> Supplied information
+--

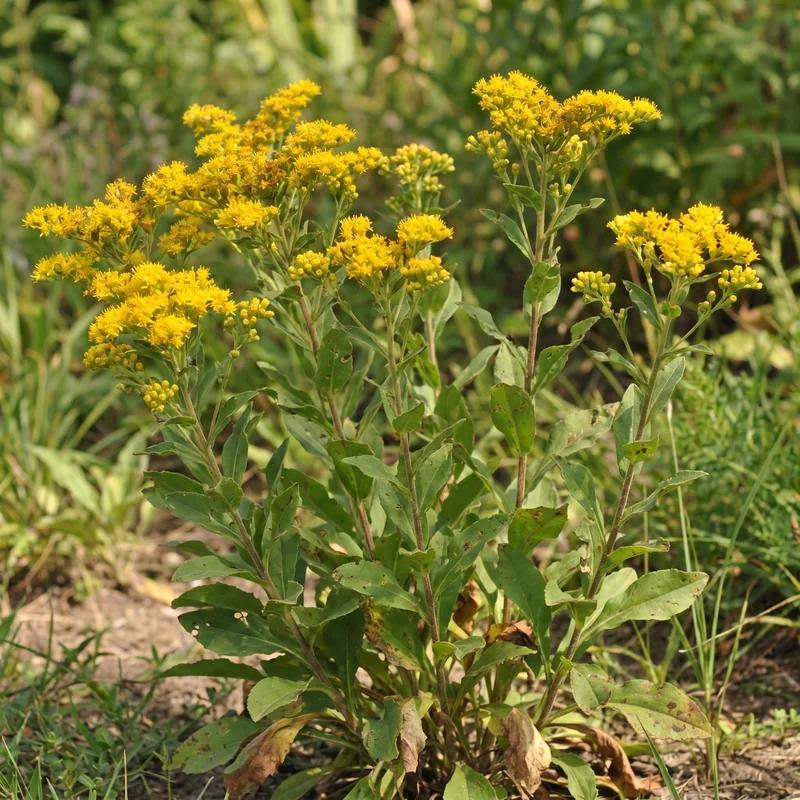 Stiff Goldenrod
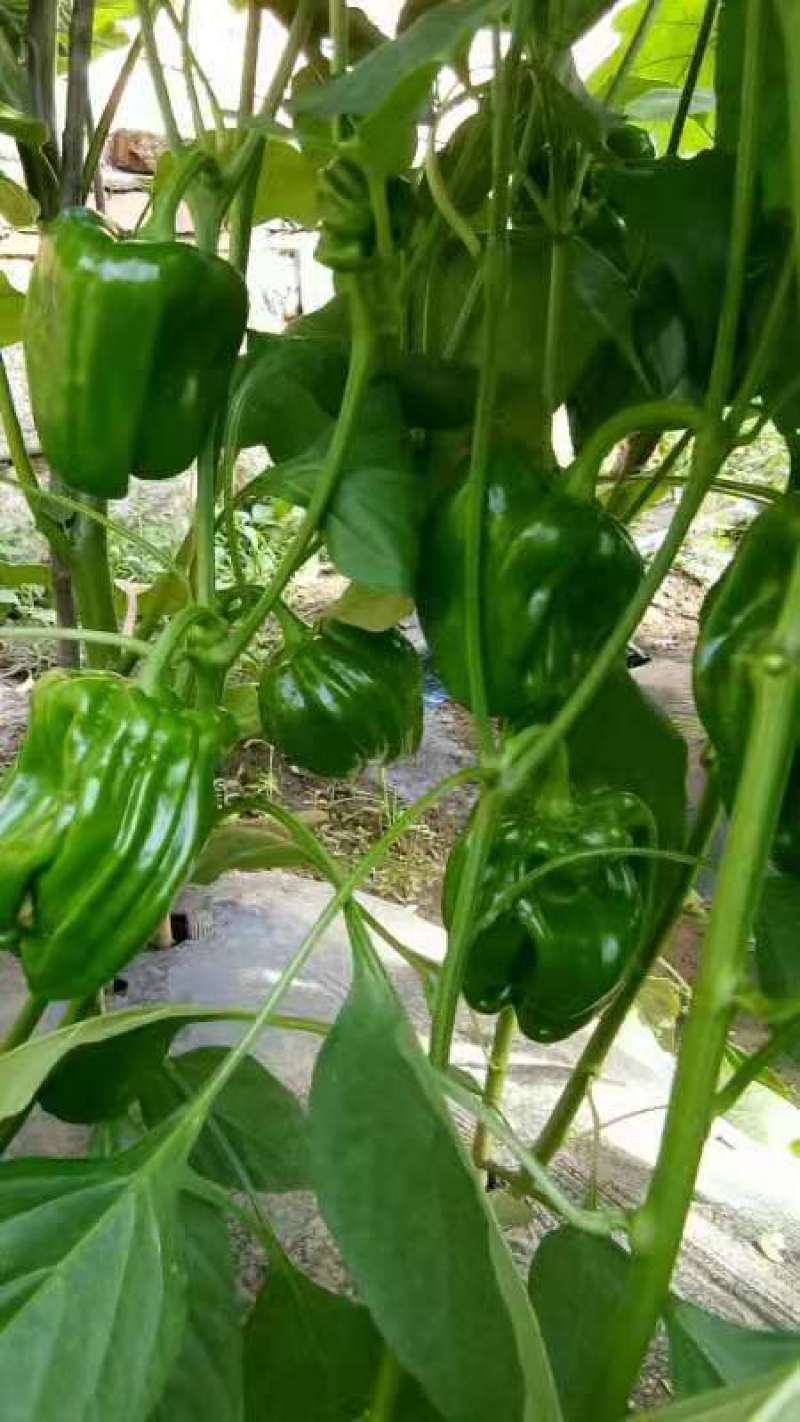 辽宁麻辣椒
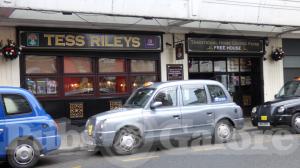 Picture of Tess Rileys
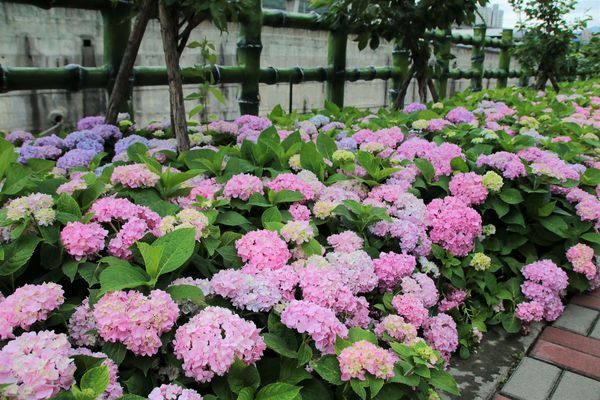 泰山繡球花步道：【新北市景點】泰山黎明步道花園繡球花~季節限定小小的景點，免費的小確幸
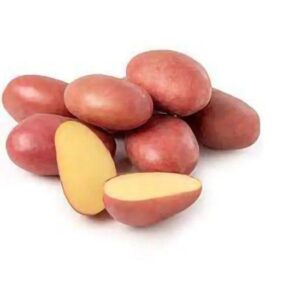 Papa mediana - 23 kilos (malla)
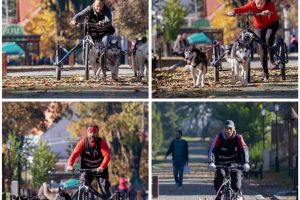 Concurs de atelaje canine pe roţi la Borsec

+--

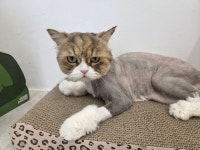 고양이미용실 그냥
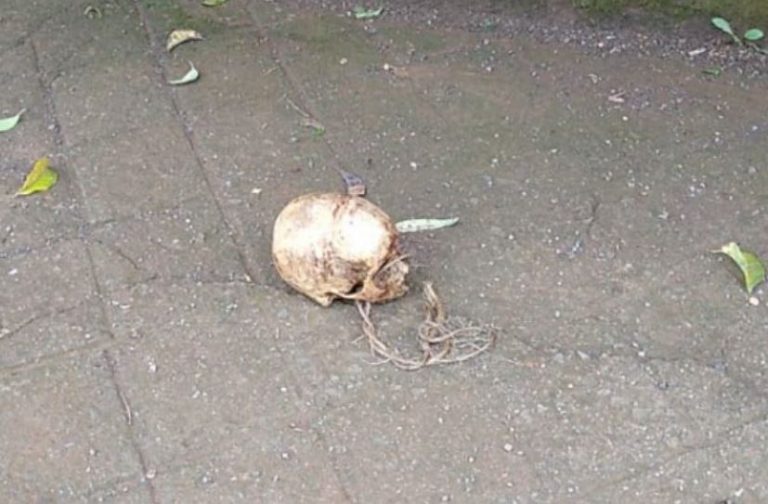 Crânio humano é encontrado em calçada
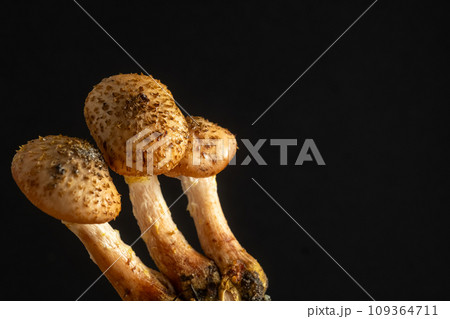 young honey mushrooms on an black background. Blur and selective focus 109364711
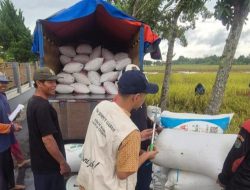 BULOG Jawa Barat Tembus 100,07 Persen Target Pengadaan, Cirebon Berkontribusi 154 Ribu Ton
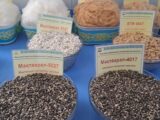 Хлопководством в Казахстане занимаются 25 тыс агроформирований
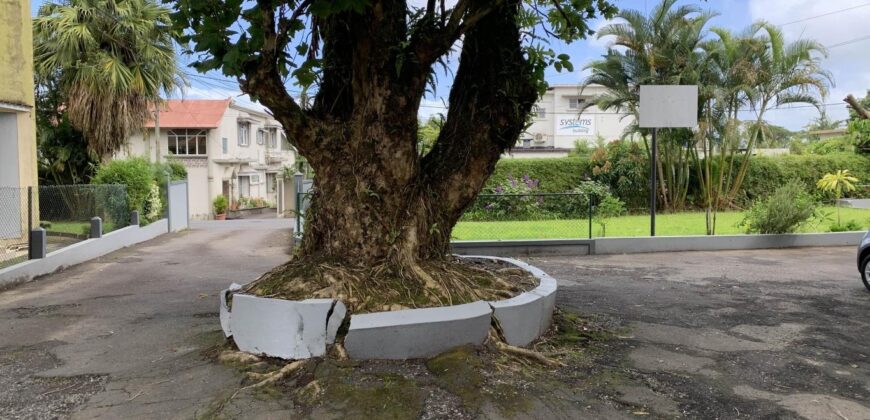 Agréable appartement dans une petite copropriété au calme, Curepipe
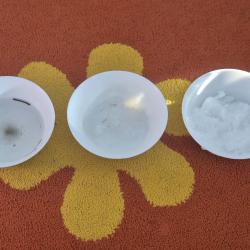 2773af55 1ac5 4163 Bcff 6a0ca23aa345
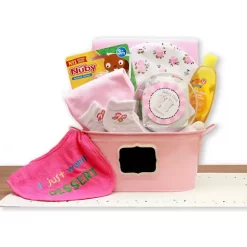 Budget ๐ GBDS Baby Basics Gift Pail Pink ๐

+--

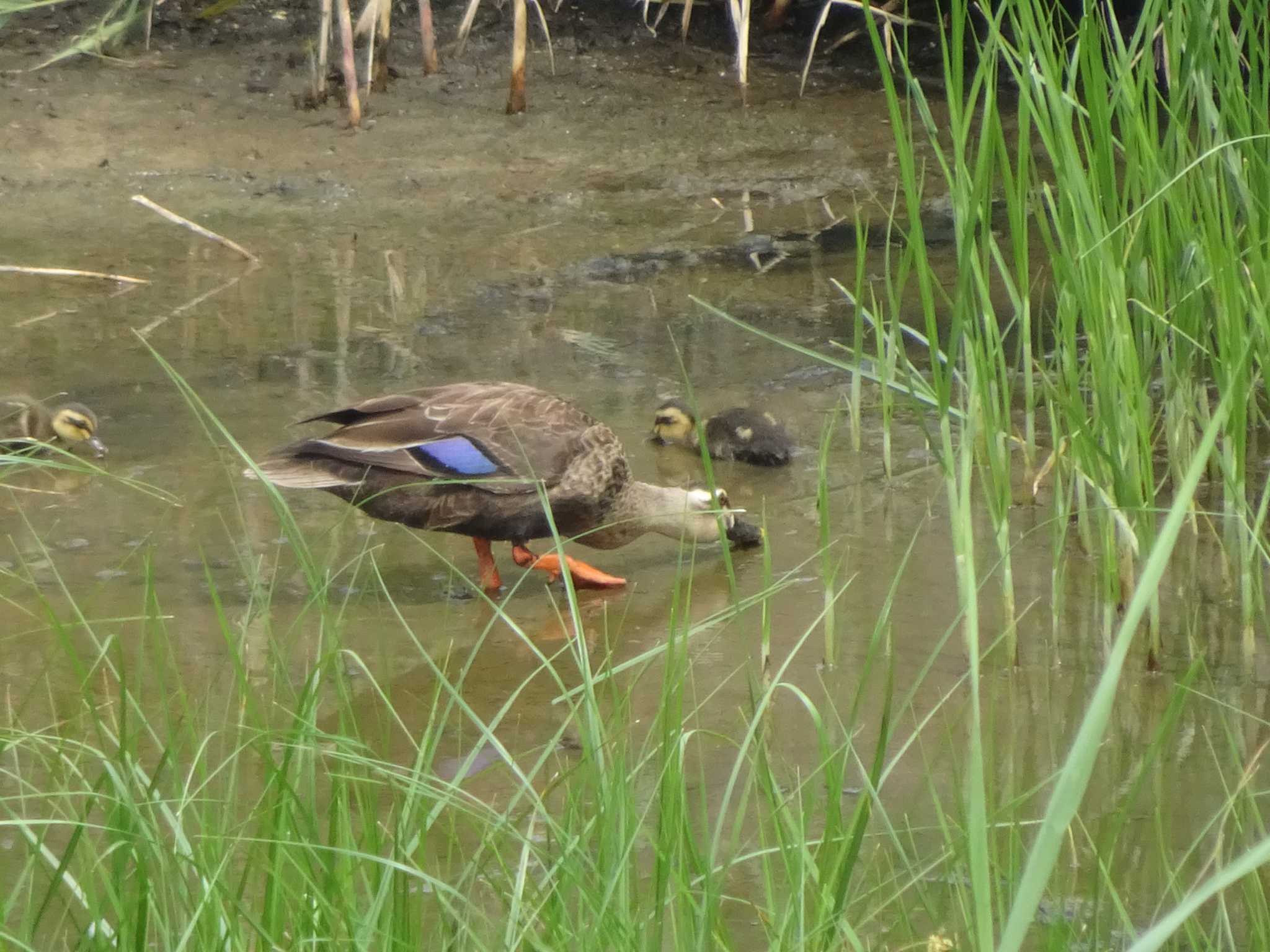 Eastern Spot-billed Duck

+--

From the material above, give again exactly the lines from the one that contains "Stiff Goldenrod" through the one that contains "Concurs de atelaje canine pe roţi la Borsec", and leave out the pictures.

> Reply
 Stiff Goldenrod
 辽宁麻辣椒
 Picture of Tess Rileys
 泰山繡球花步道：【新北市景點】泰山黎明步道花園繡球花~季節限定小小的景點，免費的小確幸
 Papa mediana - 23 kilos (malla)
 Concurs de atelaje canine pe roţi la Borsec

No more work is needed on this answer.